Case ID: so2d_611/html/0072-01.html
Source: Caselaw Access Project
Author: {"author": "PER CURIAM.", "license": "Public Domain", "url": "https://static.case.law/"}
Date Created: 2024-08-24T03:29:51.129683

STATE of Florida, DEPARTMENT OF ENVIRONMENTAL REGULATION, Appellant, v. Robert APELGREN and Walden Sandblasting and Painting Company and A.S.F. Corporation, Appellees.
    No. 91-2209.
    District Court of Appeal of Florida, Fourth District.
    Dec. 30, 1992.
    Agusta P. Posner, Asst. Atty. Gen., Tallahassee, for appellant.
    J.A. Jurgens of Jones, Foster, Johnston & Stubbs, P.A., West Palm Beach, for ap-pellees.
   PER CURIAM.

Appellant, State of Florida, Department of Environmental Regulation (DER), appeals from a final post-judgment order. We reverse and remand.

On October 16, 1990, the trial court entered a default judgment against Robert Apelgren individually and the two named corporations in an action to enforce DER’s consent order based on hazardous waste violations.
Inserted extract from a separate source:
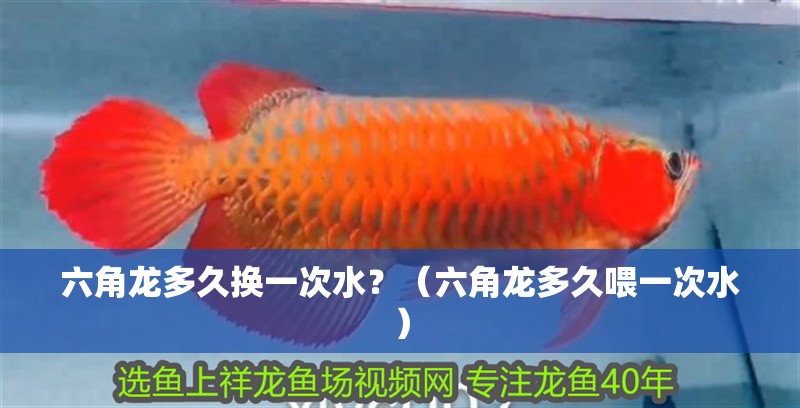 六角龍多久換一次水？（六角龍多久喂一次水）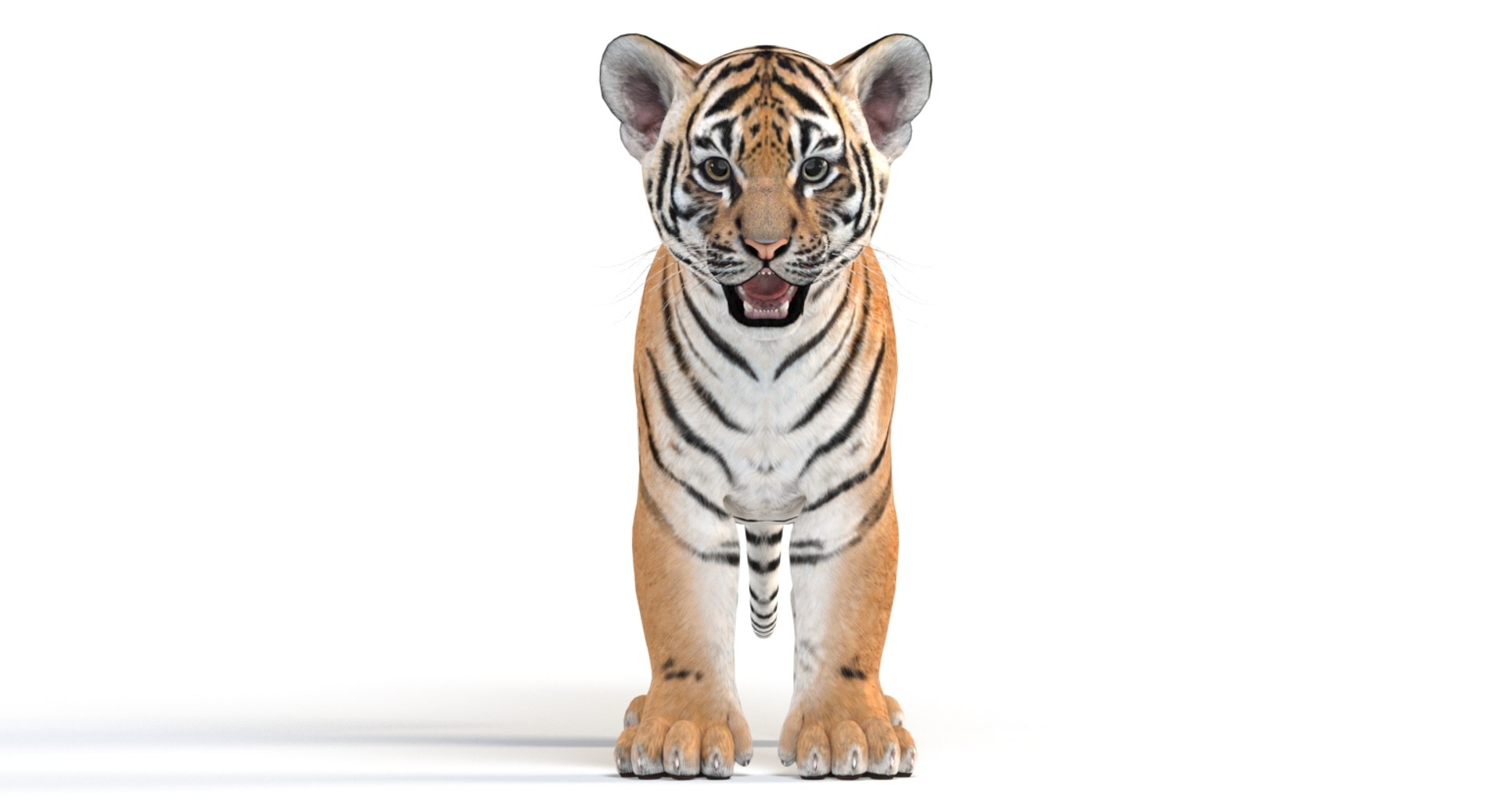 3D tiger animal mammal https://p.turbosquid.com/ts-thumb/Gb/nWqyOd/0EpMjEwC/tigercub3dmodelarnold13/jpg/1560501419/1920x1080/fit_q87/498975ac427fafb31c505491bd266f873e5292a4/tigercub3dmodelarnold13.jpg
The trial court, in an unrecorded non-jury trial, found all three appellees jointly and severally liable.

DER submitted a proposed final judgment to the trial court which included the assessment of penalties and requirements for the defendants to take corrective actions. The trial court used all the factual findings from that proposed judgment, but in its decretal portions the court ordered only that all defendants take corrective action. By deleting paragraph B of the proposed final judgment, the trial court rejected the penalties proposed by the DER. Unfortunately, in including paragraph C, which was renumbered 2 in the court’s judgment, that paragraph of the final judgment included a reference to the excluded paragraph B. After the time for rehearing had passed, DER moved for clarification of the final judgment claiming that the court had inadvertently left out paragraph B on penalties. A couple of days later, appellees filed a notice of appeal, which is case number 91-1224 in our court. That appeal has been stayed pending the resolution of these proceedings.
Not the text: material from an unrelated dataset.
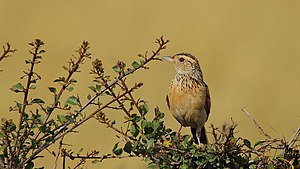 Giant lark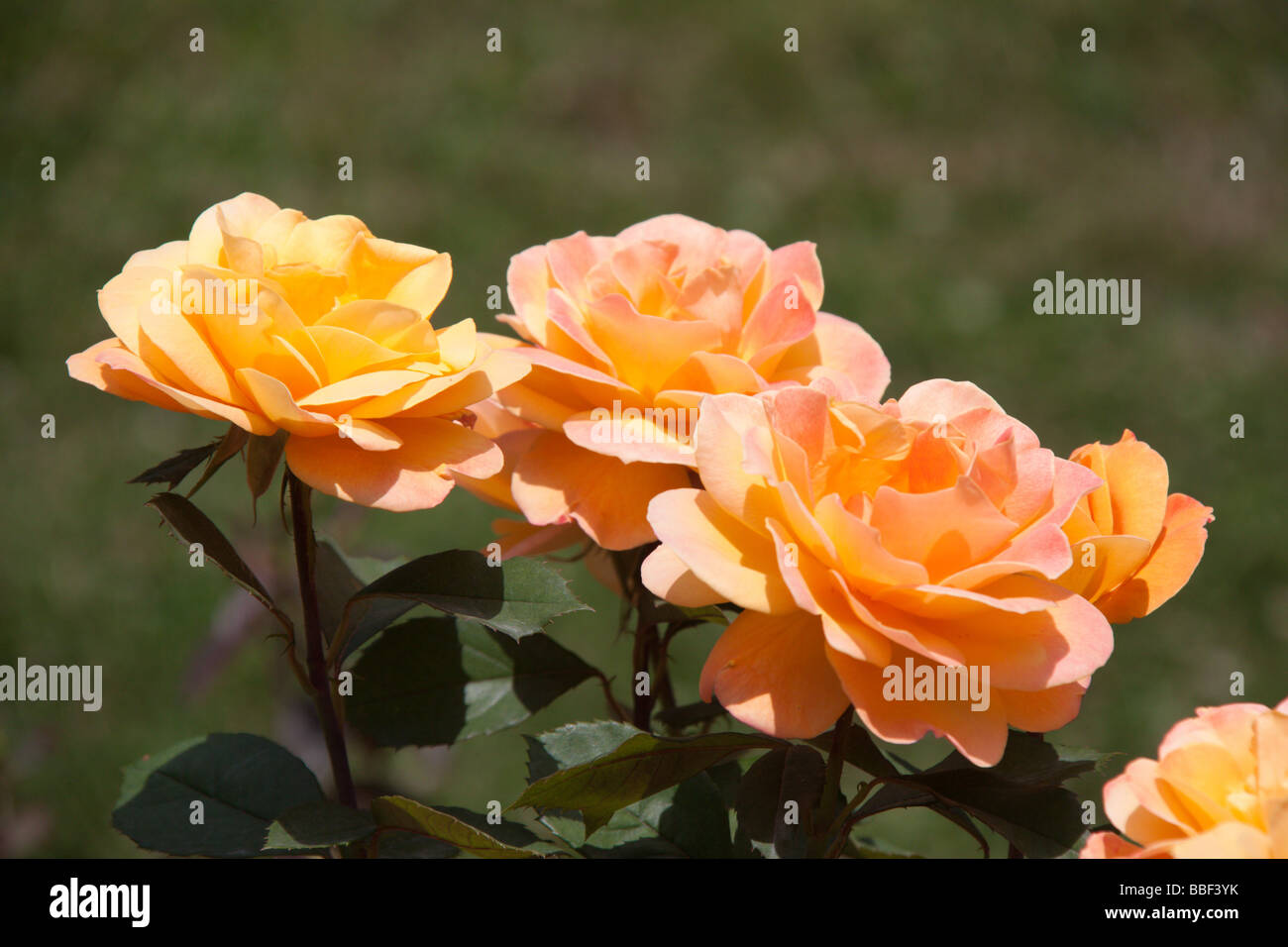 Le rose a Duke Gardens, Durham NC USA Foto Stock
The trial court, being presented with the motion for clarification, entered an amended order which again did not include the penalties provided in paragraph B of the proposed final judgment but instead deleted the reference to “paragraph B” in the decretal paragraph imposing joint and several liability for corrective action. However, the judgment was still entered against all three appellees jointly and severally for corrective actions. Appellees then filed a motion for rehearing, and in response to that motion, the court entered a seconded amended final judgment deleting Robert Apelgren, as a defendant.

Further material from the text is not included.